Lizandra é dura na queda


Lizandra Frantz entrou no hospital com a expectativa de ficar seis meses, e saiu em 17 dias, voltando a trabalhar em apenas dois meses

Ela teve o corpo em chamas e a vida de volta

 

 

Apenas 40 dias separam o momento em que Lizandra chegou ao Hospital de Pronto Socorro em Porto Alegre pedindo para se despedir de seus pais de quando pôde tomar um banho de chuveiro e se sentir viva com a sensação de deixar a água escorrer pelo corpo. Um acidente em casa, com uma lareira elétrica, fez toda a sua vida mudar em segundos.  

 

Lizandra Frantz tem 23 anos, é natural de Pantano Grande e se mudou para Cachoeira no início deste ano. Formada em Estetacosmetologia pela Universidade de Santa Cruz do Sul (Unisc), ela começou a trabalhar na cidade e conquistou seu espaço cuidando da estética e autoestima das mulheres.  
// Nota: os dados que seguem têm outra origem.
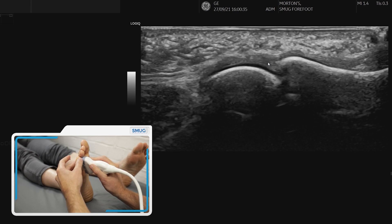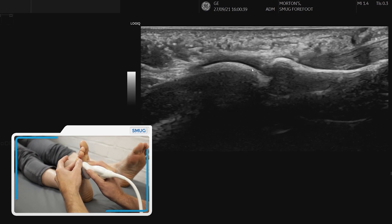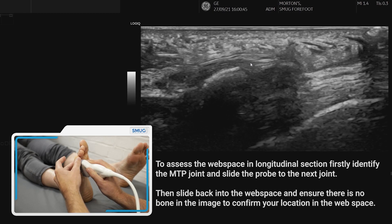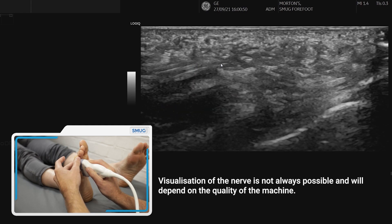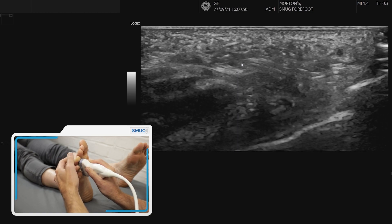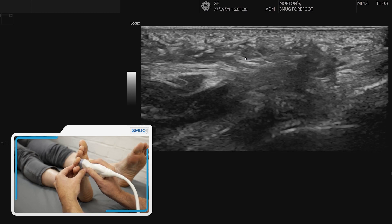Then we're going to move laterally to the fourth metatarsal phalangeal joint and interrogate the structures there. Moving back into the intermetatarsal space where there are no bones, we can sometimes identify the nerve. We also need to do a compression to determine whether this is a neuroma or a bursa.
Lizandra Frantz não esconde as cicatrizes que a fizeram ressignificar muitas coisas em sua vida 


 

Sempre muito vaidosa, acostumada a receber elogios e sendo inspiração em beleza para suas clientes, teve que aprender a se aceitar e olhar suas cicatrizes no espelho sem derrubar uma lágrima. “Quando eu cheguei ao hospital, eu escutava as pessoas falando: ‘Esta menina não vai sobreviver’, e, naquele momento, tudo que eu queria era ver meus pais e poder me despedir deles”. 

 

Deus coloca anjos o tempo todo perto da gente. Anjos que chamamos de amigos, e são eles que nos socorrem no desespero. Lizandra reconhece que só está viva hoje, porque Deus permitiu e enviou seus guardiões para que ela pudesse se livrar das chamas que queimavam seu corpo e chegar a Porto Alegre com vida.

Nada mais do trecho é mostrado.